Mort en février 2013, Daniel Darc réapparait cet été sur des affiches et dans quelques salles de ciné, le temps d’un film : Daniel Darc, pieces of my life. A la manœuvre : les réalisateurs Marc Dufaud et Thierry Villeneuve. Parce que Dufaud a filmé Darc pendant une vingtaine d’années : chez lui, chez ses parents, dans la rue, dans le métro, parfois à l’arrache, entre deux cafés, deux balades, deux errances… La première fois que Dufaud a mis une caméra entre lui et Darc, c’était au début des années 1990. Sans scénario. Comme ça, pour voir, sentir, prendre la température, poser les bases d’un long métrage. C’était une quinzaine d’années après la formation de Taxi-Girl.
Les veines tranchées sur la scène du Palace
Images et archives à l’appui, Dufaud et Villeneuve remontent le temps. Juste pour rappeler comment Daniel Rozoum, né en 1959 à Paris, est devenu Daniel Darc. Comment l’ado du lycée Balzac a été propulsé leader-chanteur du groupe Taxi-Girl en 1977. Un hasard… Darc le dit lui-même : il ne savait pas chanter, mais il était punk, il avait les cheveux courts et il bougeait mieux que les autres, alors il a été choisi. La suite, c’est le tube Cherchez le garçon en 1980, les couv’ de magazines, les passages à la télé, mais aussi les veines tranchées sur la scène du Palace, en première partie des Talking Heads, pour le sang qui gicle « comme dans les films de Peckinpah », confie Darc face à Dufaud. C’est l’époque de tous les excès, la vie à toute vitesse, le « no future » et autre « mourir à 21 ans comme Cochran ». Autodestruction au menu. Overdose de Pierre Wolfsohn, le batteur de Taxi-Girl : un frère pour Darc. Et fin de partie pour le groupe au milieu des années 1980.
L’homme au bras d’or…
La carrière solo de Darc, c’est celle d’un garçon qui se cherche toujours… Entre ses références multiples – elle vont de Jean Genet à William Burroughs, en passant par Lautréamont, Johnny Cash, John Coltrane ou James Dean…-, une quête de liberté et l’envie de « faire » des chansons, de la musique. C’est ce qui transpire des scènes tournées dans son appartement, qui suinte la déglingue. Une pièce minuscule où Darc fait tout : lire, écrire, dormir, se piquer… Car, durant les années 1990, son quotidien est rythmé par l’arrivée du dealer et l’heure des shoots, parfois à plusieurs sur une même seringue. Des années compliquées, où Darc va même passer par la case prison. Où Darc se compare à L’homme au bras d’or.

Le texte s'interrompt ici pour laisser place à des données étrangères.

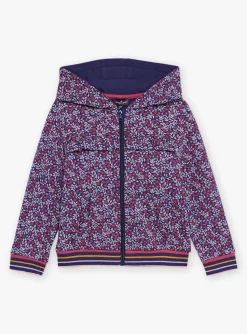 Sweatpants-Sergent Major Purple hoodie with floral print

« Il est arrivé à neuf heures moins cinq… »
Pas de complaisance dans le film de Dufaud et Villeneuve. On est dans le « dur », la réalité. Celle de Darc, le punk, le rocker. Mais aussi celle d’un long métrage à monter, avec des dizaines de bobines de film, comme autant de petits cailloux semés sur un chemin très chaotique. Puis, comme dans un bon polar, l’intrigue progresse. Darc se met à croire en Dieu. Il arrête l’héroïne. Il croise la route du musicien et producteur Frédéric Lo, qui lui donne rendez-vous un matin à 9 heures pour faire un disque, sans vraiment croire à sa venue. « Il est arrivé à neuf heures moins cinq », se souvient Lo. Quelques mois plus tard, l’album Crèvecœur sortira dans les bacs. Nous sommes en 2004, année de résurrection pour Darc, qui va même recevoir une Victoire de la Musique, dans la catégorie… « Révélation ». Pas banal pour un artiste dont la carrière avait déjà près de 30 ans. « Quand je mourrai, j’irai au paradis, car c’est en enfer que j’ai passé ma vie », a écrit Darc. Une phrase aux allures d’épitaphe. Elle résume aussi fort bien le très bon film de Dufaud et Villeneuve.
Daniel Darc, pieces of my life : sortie en salle le 24 juillet.